__Data segment__
====

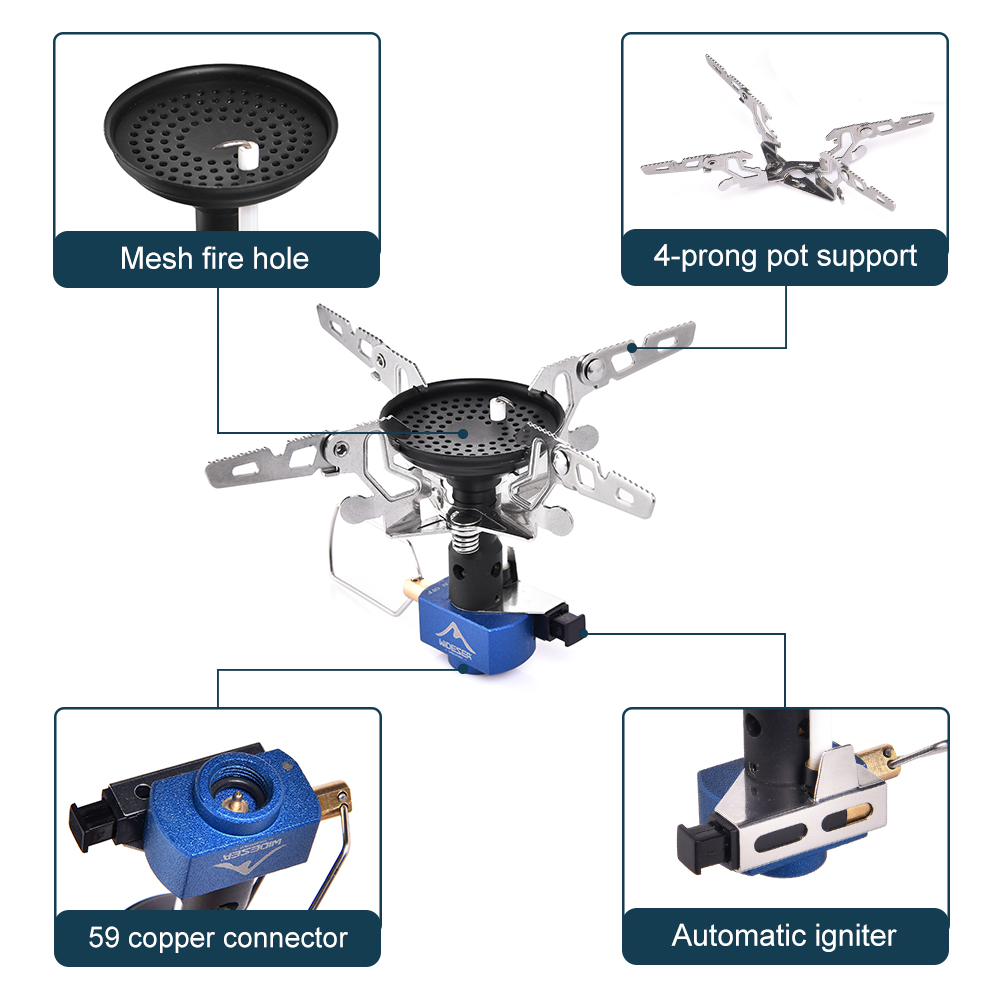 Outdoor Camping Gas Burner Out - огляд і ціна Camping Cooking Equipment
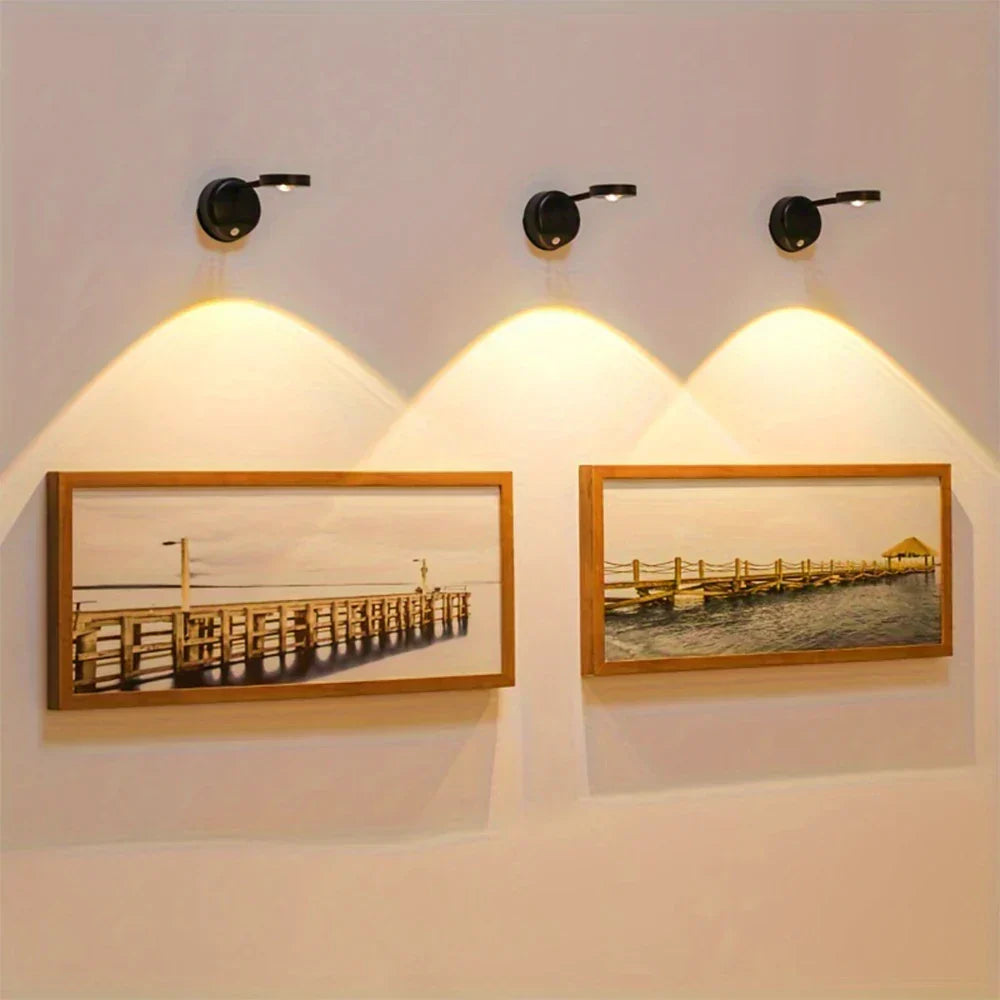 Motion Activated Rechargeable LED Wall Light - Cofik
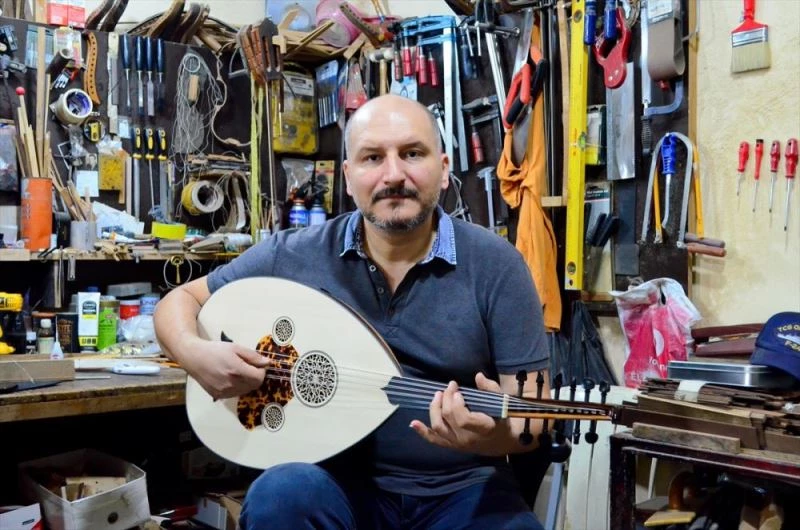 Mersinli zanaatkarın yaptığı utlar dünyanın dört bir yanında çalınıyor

====

__The task__
The required output is each line above restated verbatim, with all images omitted.

__Task response__
 Outdoor Camping Gas Burner Out - огляд і ціна Camping Cooking Equipment
 Motion Activated Rechargeable LED Wall Light - Cofik
 Mersinli zanaatkarın yaptığı utlar dünyanın dört bir yanında çalınıyor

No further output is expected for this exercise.